Statistics I have gathered a few patches before for SPEC CPU 2006:
1255 multi-loop SESEs in SCOP processing
max. params 34, 3 scops >= 20, 15 scops >= 10, 33 scops >= 8
max. drs per scop 869, 10 scops >= 100
max. pbbs per scop 36, 12 scops >= 10
919 SCOPs fail in build_alias_sets
which shows the default for PARAM_GRAPHITE_MAX_ARRAYS_PER_SCOP
is reasonable (if tuned to SPEC CPU 2006).
I've also included the hunk that allows -fgraphite-identity
to work ontop of -floop-nest-optimize and for -floop-nest-optimize
-ftree-parallelize-all also make sure to code-gen loops that
end up not transformed.
Bootstrapped and tested on x86_64-unknown-linux-gnu, SPEC CPU 2006
tested, applied to trunk.
Richard.
2017-09-27 Richard Biener <rguenther@suse.de>
* doc/invoke.texi (graphite-max-bbs-per-function): Remove.
(graphite-max-nb-scop-params): Document special value zero.
* domwalk.h (dom_walker::STOP): New symbolical constant.
(dom_walker::dom_walker): Add optional parameter for bb to
RPO mapping.
(dom_walker::~dom_walker): Declare.
(dom_walker::before_dom_children): Document STOP return value.
(dom_walker::m_user_bb_to_rpo): New member.
(dom_walker::m_bb_to_rpo): Likewise.
* domwalk.c (dom_walker::dom_walker): Compute bb to RPO
mapping here if not provided by the user.
(dom_walker::~dom_walker): Free bb to RPO mapping if not
provided by the user.
(dom_walker::STOP): Define.
(dom_walker::walk): Do not compute bb to RPO mapping here.
Support STOP return value from before_dom_children to stop
walking.
* graphite-optimize-isl.c (optimize_isl): If the schedule
is the same still generate code if -fgraphite-identity
or -floop-parallelize-all are given.
* graphite-scop-detection.c: Include cfganal.h.
(gather_bbs::gather_bbs): Get and pass through bb to RPO
mapping.
(gather_bbs::before_dom_children): Return STOP for BBs
not in the region.
(build_scops): Compute bb to RPO mapping and pass it to
the domwalk. Treat --param graphite-max-nb-scop-params=0
as not limiting the number of params.
* graphite.c (graphite_initialize): Remove limit on the
number of basic-blocks in a function.
* params.def (PARAM_GRAPHITE_MAX_BBS_PER_FUNCTION): Remove.

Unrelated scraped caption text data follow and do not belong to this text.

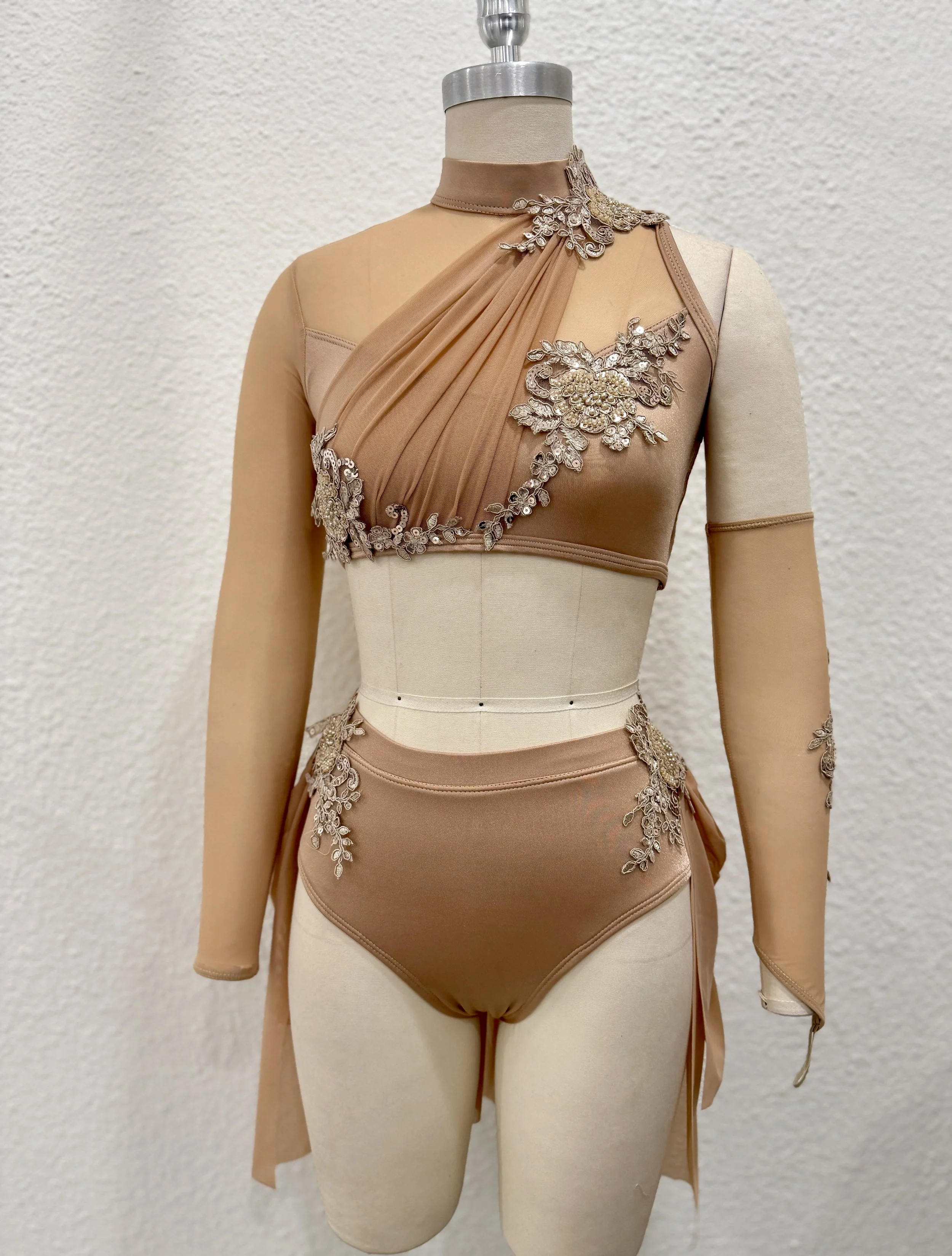 A mannequin dressed in a beige and tan embroidered dress with embellishments, standing against a plain wall.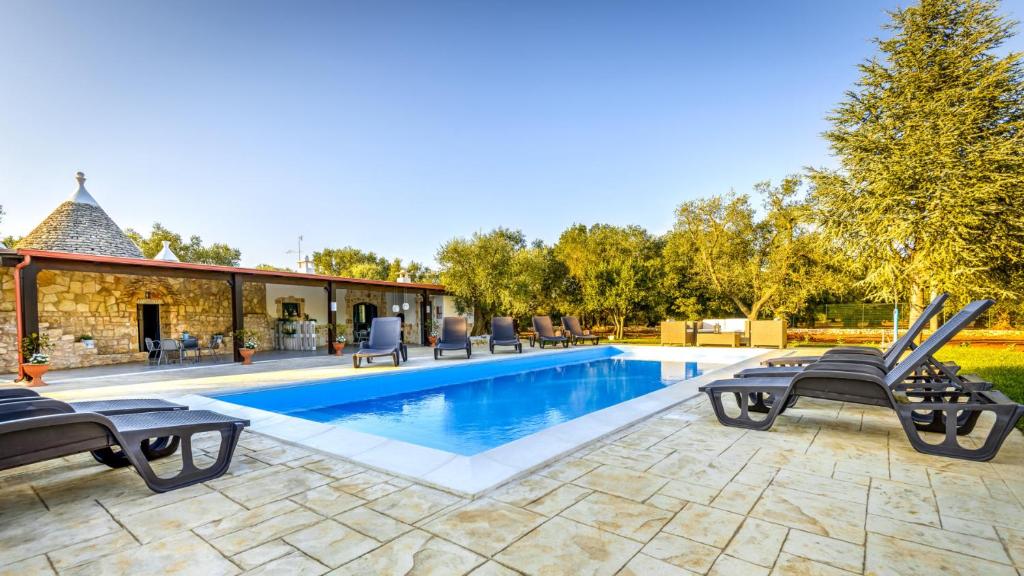 a swimming pool with lounge chairs next to a house at Trullo degli Augelli in San Michele Salentino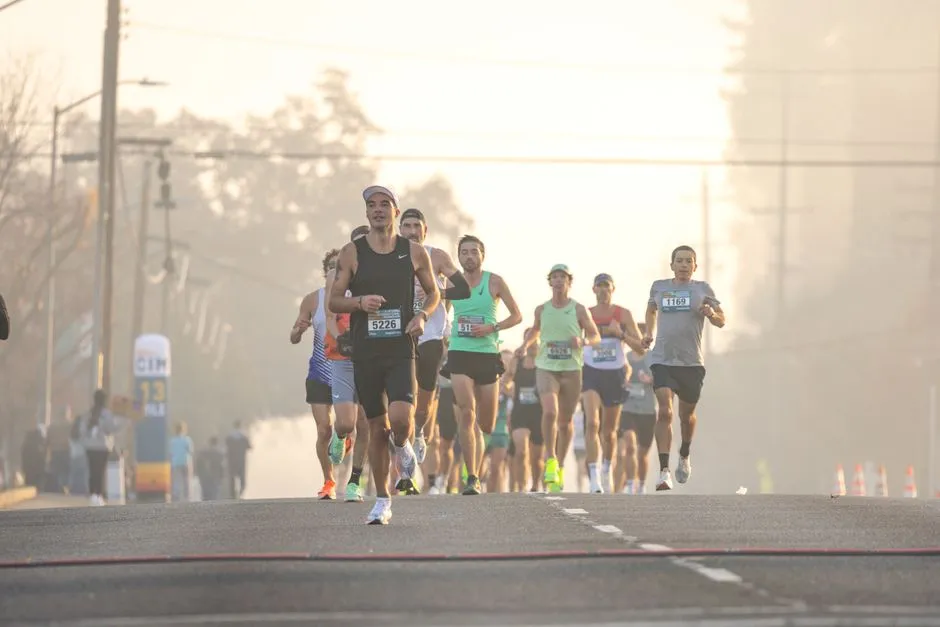 Peloton de coureurs dossards au petit matin sur une route, ambiance d'une course sur route de type demi-marathon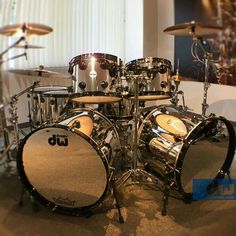 a close up of a drum set on a carpeted floor in front of a window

(PARAM_GRAPHITE_MAX_NB_SCOP_PARAMS): Adjust to documented
default value of 10.
Index: gcc/doc/invoke.texi
===================================================================
--- gcc/doc/invoke.texi (revision 253224)
+++ gcc/doc/invoke.texi (working copy)
@@ -10512,13 +10512,9 @@ sequence pairs. This option only applie
@item graphite-max-nb-scop-params
To avoid exponential effects in the Graphite loop transforms, the
number of parameters in a Static Control Part (SCoP) is bounded. The
-default value is 10 parameters. A variable whose value is unknown at
-compilation time and defined outside a SCoP is a parameter of the SCoP.
-
-@item graphite-max-bbs-per-function
-To avoid exponential effects in the detection of SCoPs, the size of
-the functions analyzed by Graphite is bounded. The default value is
-100 basic blocks.
+default value is 10 parameters, a value of zero can be used to lift
+the bound. A variable whose value is unknown at compilation time and
+defined outside a SCoP is a parameter of the SCoP.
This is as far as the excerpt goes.